Date: Thursday, August 13th, 2015 at 8:00pm
Venue: Oddball Films, 275 Capp Street San Francisco
Featuring:
Possum Trot (Color, 1977)
The Life and Work of Calvin Black 1903-1972
Calvin Black was a folk artist who lived in California's Mojave Desert and created more than 80 life-size female dolls, each with its own personality, function, and costume. He also built the "Bird Cage Theater," where the dolls perform and sing in voices recorded by the artist. The film works on two levels. One is the documentation of the artist's legacy and commentary on women: grotesque female figures moving in the desert wind and the theater with its frozen "actresses," protected by his widow from a world she views as hostile.
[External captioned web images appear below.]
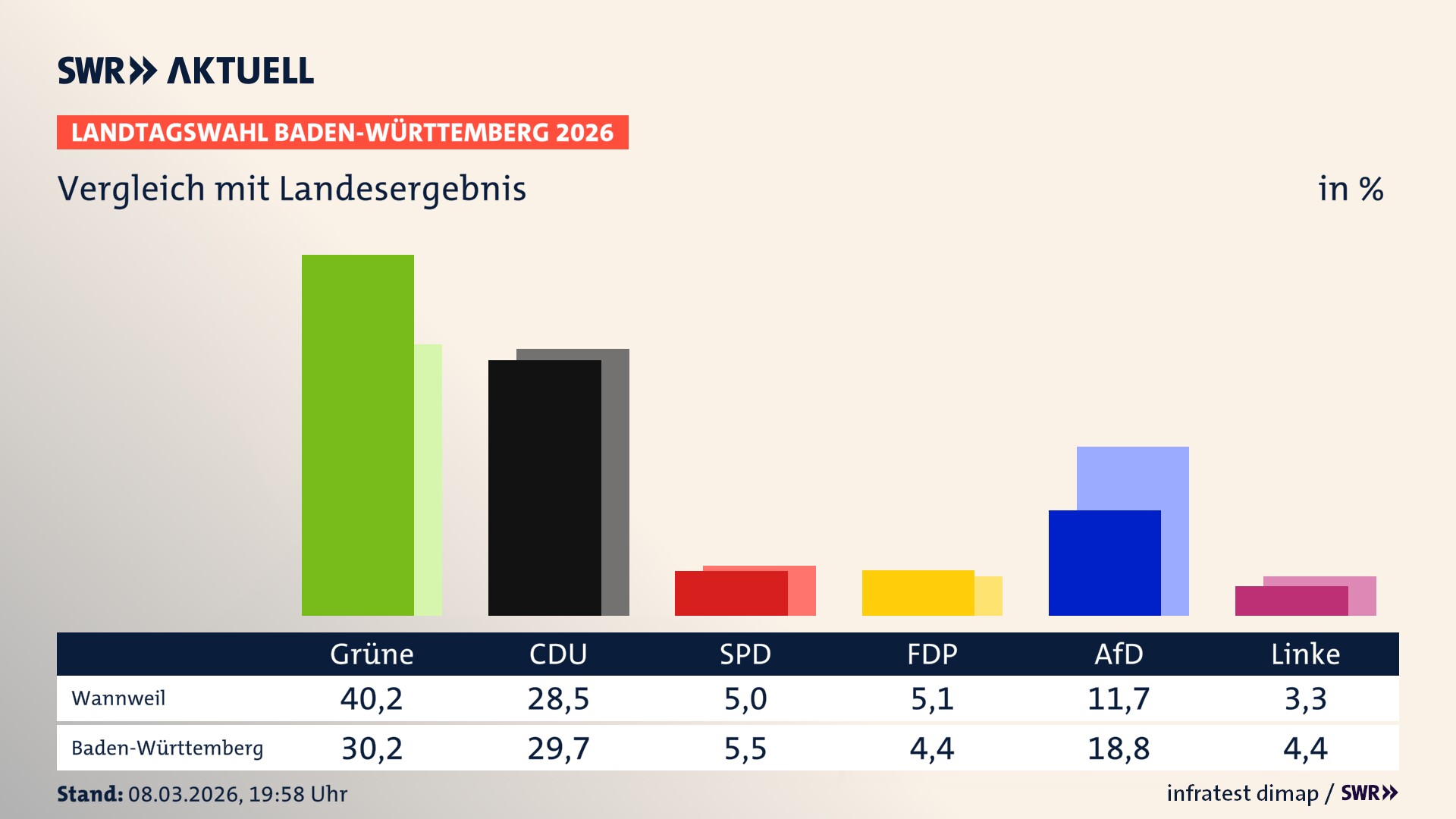 So hat mein Ort im Vergleich zum Landesergebnis gewählt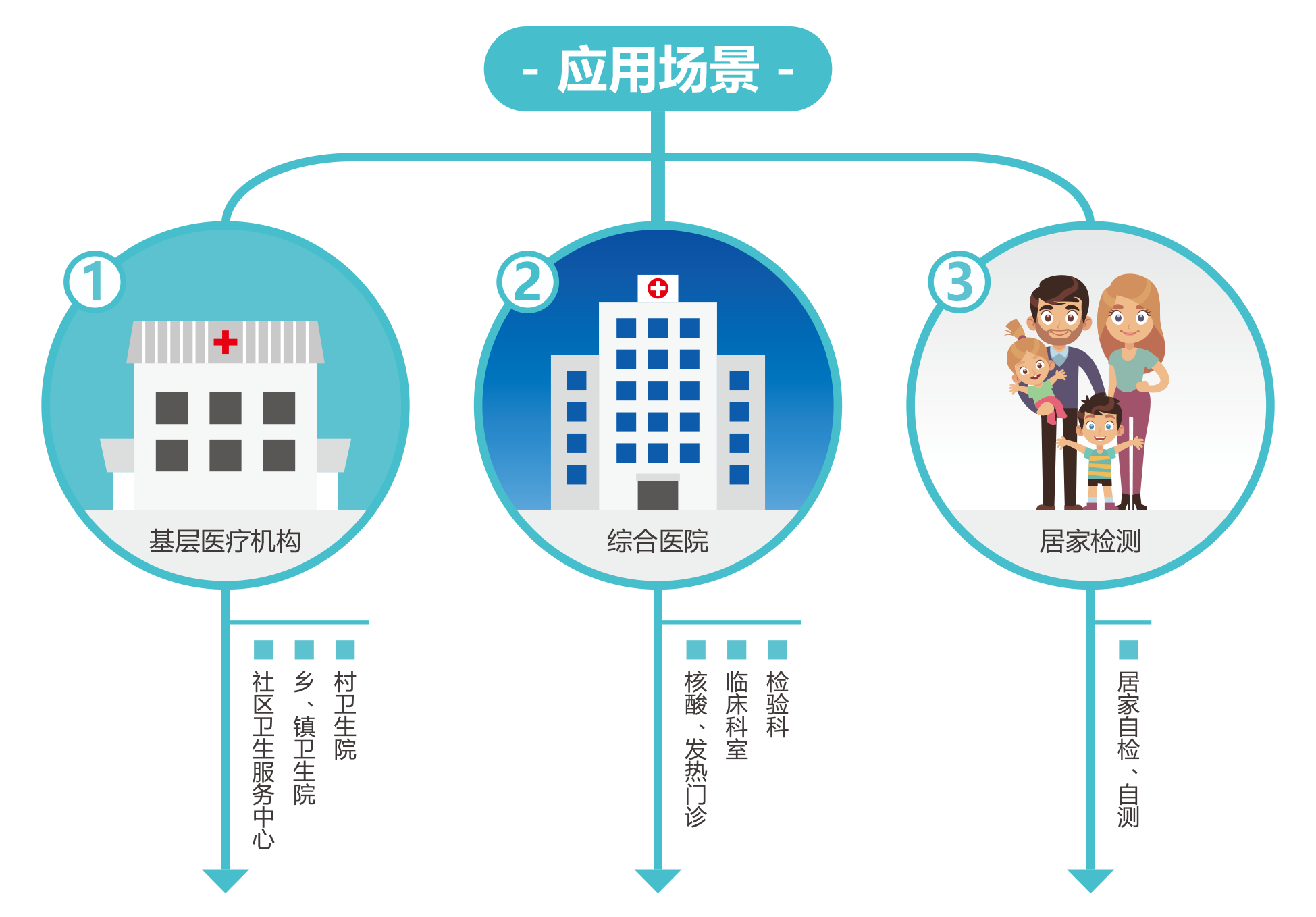 廣州藍(lán)(lan)勃 | 新(xin)冠抗(kang)原檢(jian)測(ce)解(jie)決方(fang)案(an)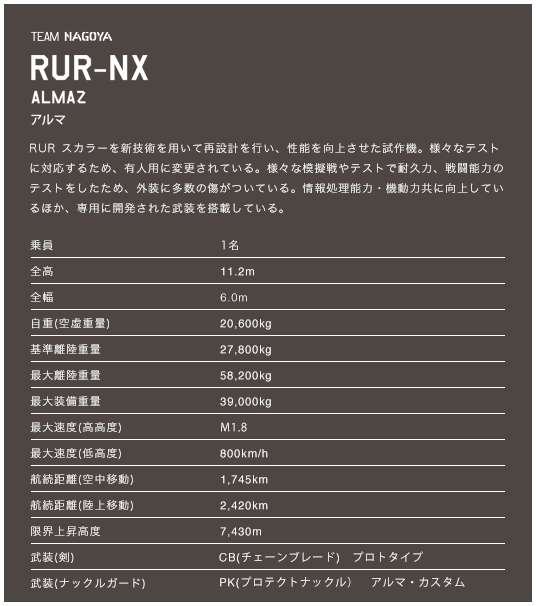 RUR-NX ALMAZ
The other is the re-creation of the artist's vision through the magic of film, as the camera enables the dolls to move and sing and brings theater to life as the artist imagined it. Produced and directed by award-winning SF filmmakers Allie Light and Irving Saraf.
102 Mature: The Art of Harry Lieberman (Color, 1980)
A look at the remarkable life of Harry Lieberman, a primitive artist who picked up painting at 80 and credits it with adding several extra decades to his life. His artworks are deeply routed in childhood memories as well as Judaic teachings and scripture and resemble a more childlike Marc Chagall.
His work was featured at several New York Galleries incuding one man shows. In this amusing and inspirational documentary, we travel with Harry as he speaks to a Hebrew school class, visits the "youngsters" of 80 and 90 at the Golden Age Home where he began his art career, and extolls 102 years worth of wisdom, humor, and creativity.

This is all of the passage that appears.